Flashback: Beavis and Butt-Head Label Pink Floyd ‘Wussies From England’
Pink Floyd are not exactly the ideal band for Beavis and Butt-Head to enjoy. Broadly speaking, their songs are way too cerebral, mellow and complex for the two animated teenagers that worship the likes of AC/DC and Metallica. It’s possible they’d dig heavier songs like “Run Like Hell” and “One of These Days” — and they’d certainly love the “We don’t need no education” chorus in “Another Brick in the Wall” — but if a song isn’t conducive to head-banging they pretty much don’t want to hear it.
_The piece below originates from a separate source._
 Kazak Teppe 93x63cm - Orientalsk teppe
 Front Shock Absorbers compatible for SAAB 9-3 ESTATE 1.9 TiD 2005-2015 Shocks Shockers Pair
That said, it’s hard to imagine any Pink Floyd song they’d enjoy less than the 1994 Division Bell single “High Hopes.” Recorded a decade after Roger Waters left the group, it finds David Gilmour reflecting back on his youth when “the grass was greener/The light was brighter/The taste was sweeter.” The Storm Thorgerson-directed video is a collage of surreal images — like guitars floating down a river and an enormous teddy bear falling out of a window. Just imagine the exact opposite of Mötley Crüe’s video for “Girls Girls Girls” and you’ll picture it clearly.
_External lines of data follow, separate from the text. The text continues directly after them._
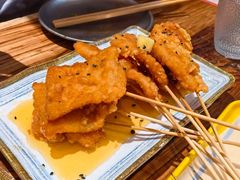 -金玲珑串道(石鼓路店)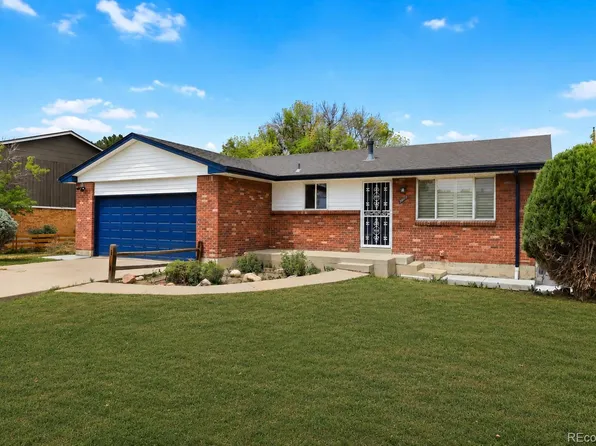 3963 W 65th Place, Arvada, CO 80003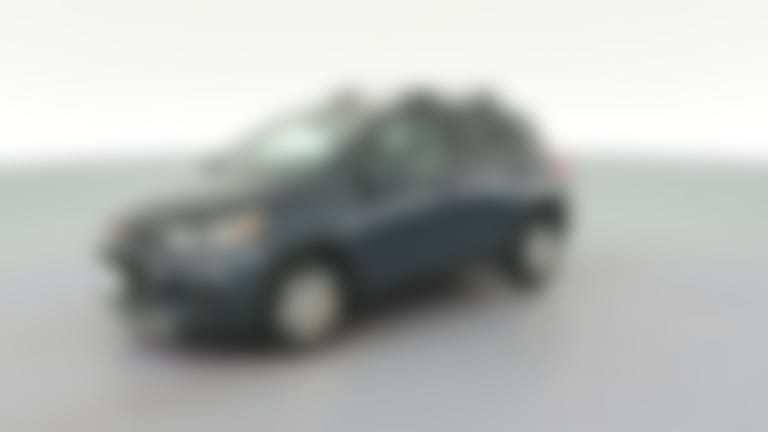 2018 Chevrolet Trax vehicle photo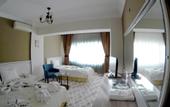 Туры в отель Omer Ipek Thermal Hotel & Holiday Village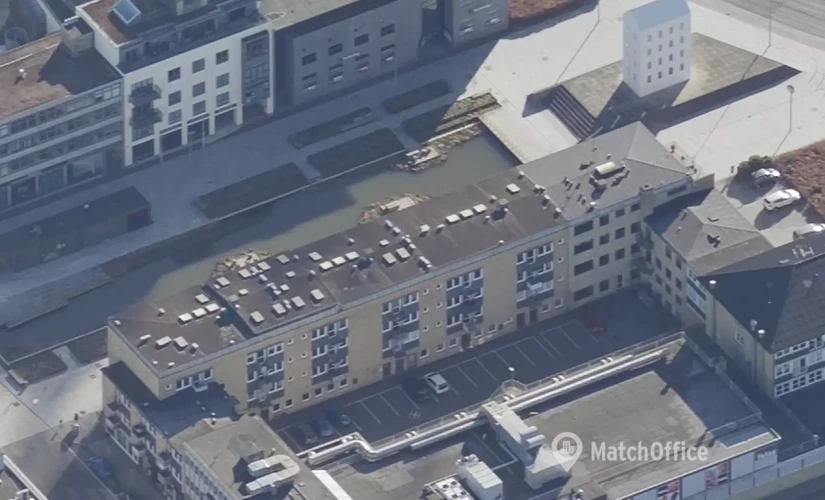 Kontor til leje på Østervold 40 st, 8900 Randers C - 261 m² | Foto 3 - Lokalebasen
“Oh no,” Butt-Head says when it comes on TV. “Is this Yanni? Oh, this is Pink Floyd.” Beavis seems vaguely aware such a band exists. “Are they from England?” he asks. “Yeah,” says Butthead. “Just another gang of wussies from England.” This prompts Beavis to say that he wants to travel to England because he imagines everyone there is a “wussy” and he’ll be able to “go around and kick everyone’s ass and then I can get some chicks.”
“I think you’d probably even be a wussy, you know, to them,” says Butt-Head.
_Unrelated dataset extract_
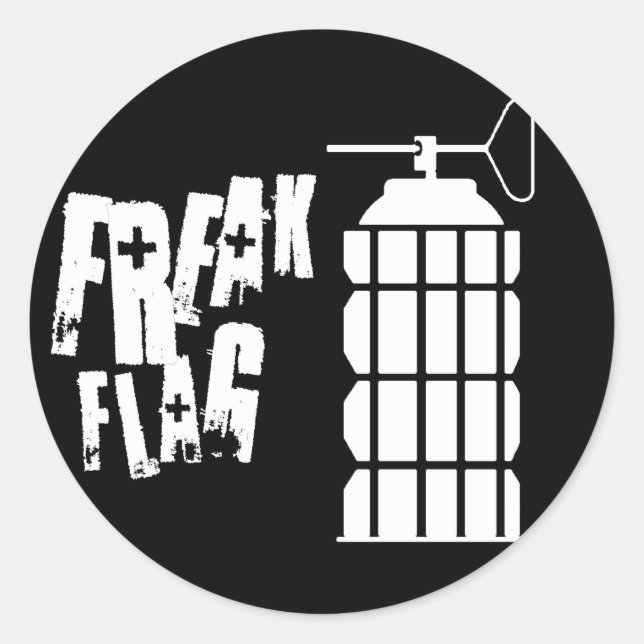 Sticker de logo (Devant)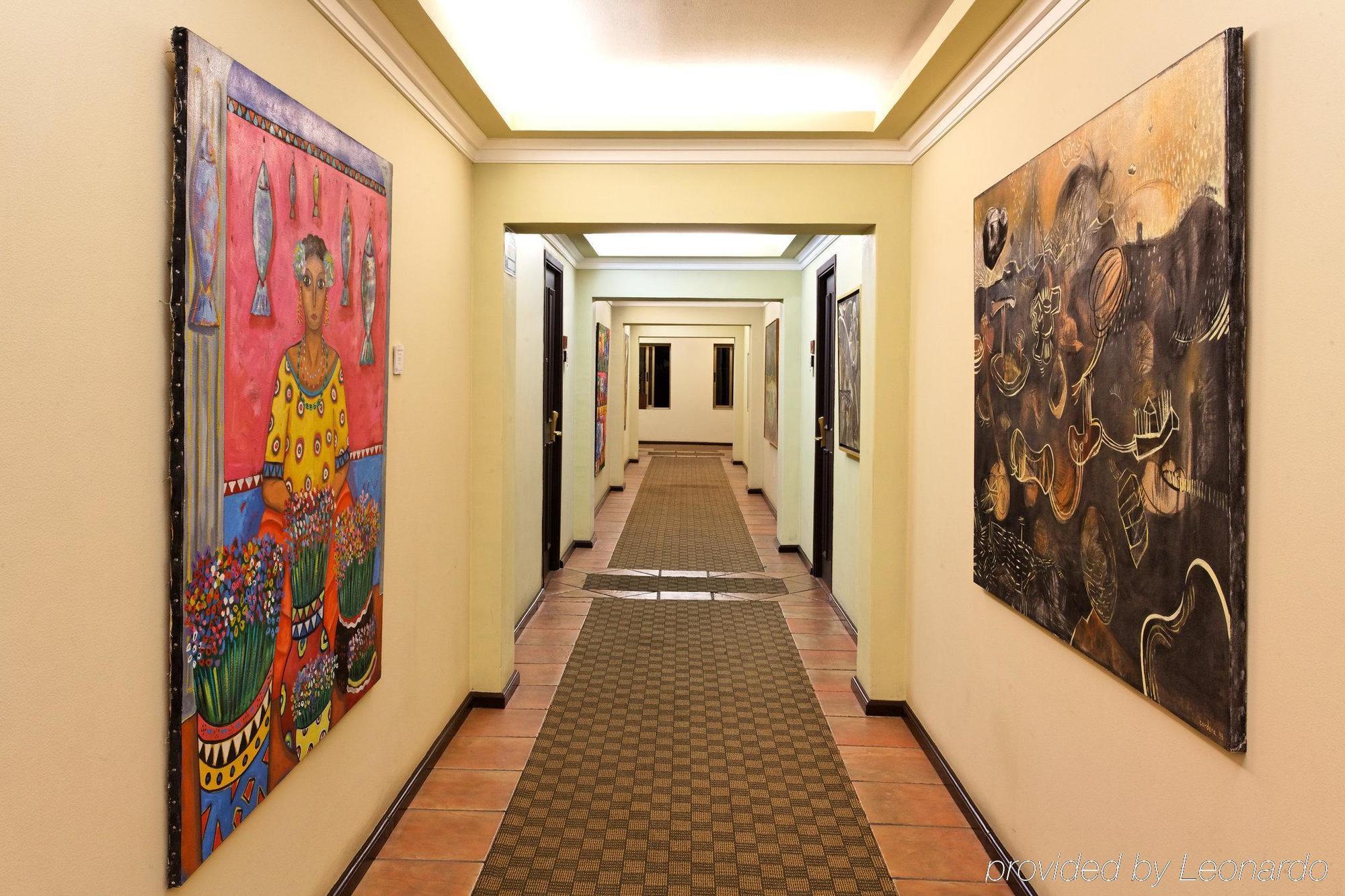 Hostel Zona Rosa Mexico City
“No way, Butt-Head,” Beavis says. “They’d be like ‘the grass was greener,’ and then I can go up and kick them in the nads. Then I can score.”
When Storm Thorgerson and Pink Floyd created this video, they wold have been absolutely horrified to know that this is the conversation most Americans would overhear while watching it. That was the strange reality of MTV back then. The network wasn’t going to put bands like Cycle Sluts From Hell, Alien Sex Fiend, Mutha’s Day Out or even Pink Floyd into their standard rotation alongside Guns N’ Roses and Green Day, but they were happy to give them the Beavis and Butt-Head treatment. Unlike Cycle Sluts from Hell, however, Pink Floyd have a few other claims to fame. Still, it’s hard for some people that grew up in the 1990s to listen to “High Hopes” and not hear Beavis and Butt-Head chuckling in their minds.